As government investigators told the story, a former U.S. Customs agent, Tommy Lynn Denley, cooked up a scheme to topple the regime of leftist Lt. Col. Desi Bouterse. But in the course of recruiting, seeking financial backing, and buying munitions for the coup, Denley made so many waves that he picked up almost as many federal infiltrators as genuine recruits before the group made its move. Indeed, he couldn’t have moved at all without the federal stingers, who had by then promised to put up the money and an airplane. Most of the group were arrested on the tarmac, just before boarding the DC-3. All 14 have pleaded guilty to various federal charges and await sentencing.
It was the third such plot foiled in the area in five years; earlier, a band of white supremacists were caught planning the takeover of Dominica (the first Bayou of Pigs) and rebel Haitians failed in a bid to unseat Jean-Claude (Baby Doc) Duvalier.
Such harum-scarum schemes are the antithesis of the style approved in Washington, and it may be a tribute to that matter-of-fact approach that the contra supply operation lasted as long as it did: nearly two years of as many as six flights a day, under the supervision of a much-respected ex-CIA agent known as Max Gómez. But in the long run, as Hasenfus told NEWSWEEK in an interview last week, “we got careless. We got supercareless.”
In the mercenary community, the pros clucked disdainfully at the litter of calling cards, mission logs, and other telltale evidence found in the plane that finally got shot down.
Gone geese: That, too, is part of the mercenary pattern, however; the best of them make mistakes, grow old, get caught in disasters.
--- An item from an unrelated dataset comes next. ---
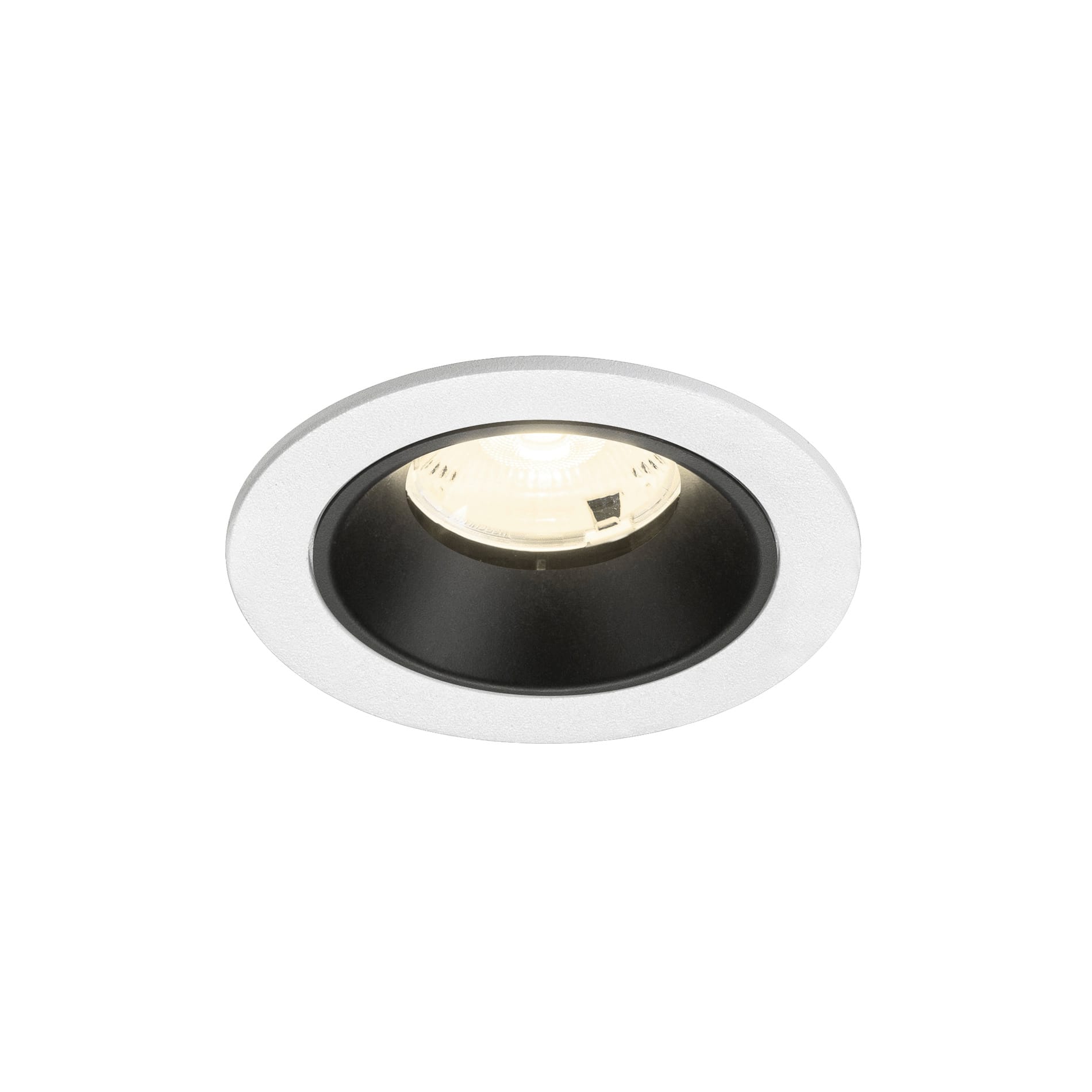 SLV - NUMINOS® S, spot encastré intérieur, 4000 K, 20° blanc / noir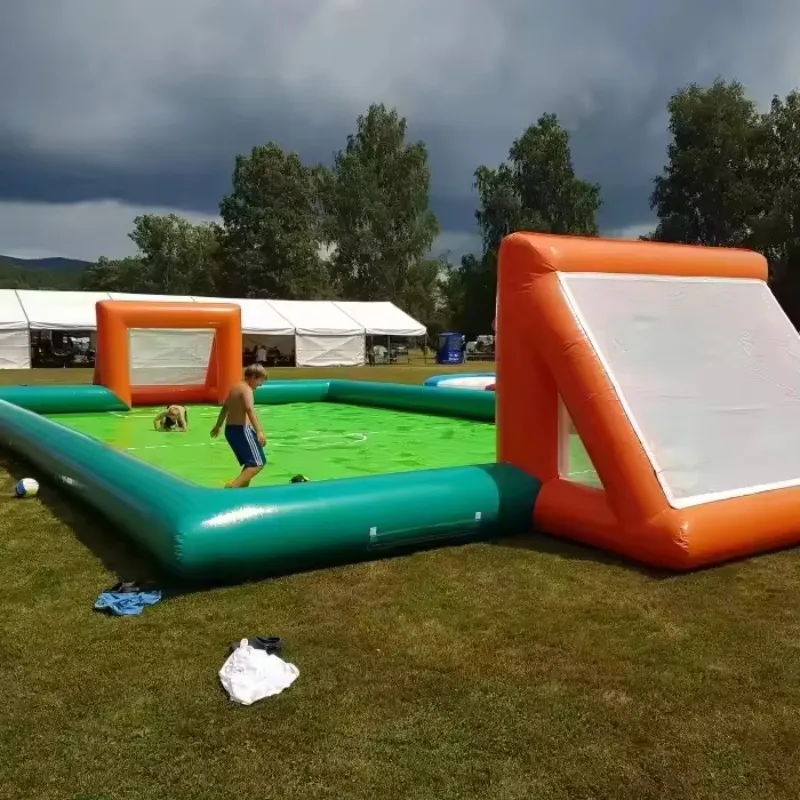 2026High Quality Thick PVC Material Water Sport Field Inflatable Soccer Ball Football Yieldwoniu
The legendary “Mad Mike” Hoare, a Britisher who led the “wild geese” in the African wars of independence in the 1960s, ended his career in a desperate fiasco trying to take over the Seychelles archipelago in the Indian Ocean. Disguised as a rugby fan club, he and his beery band were caught in an airport security check with guns in a false-bottomed suitcase.
And even when the professional help is competent, plotters don’t always find sympathy. Two years ago retired Army Col. Charles A. Beckwith, the Delta Force commander of the ill-fated Desert One mission to rescue U.S. hostages from Iran, was approached by a group that wanted him to assassinate the president of Honduras. Instead, Beckwith went to the Feds with the story. At least two of the plotters have been convicted and sent to prison; others are awaiting trial.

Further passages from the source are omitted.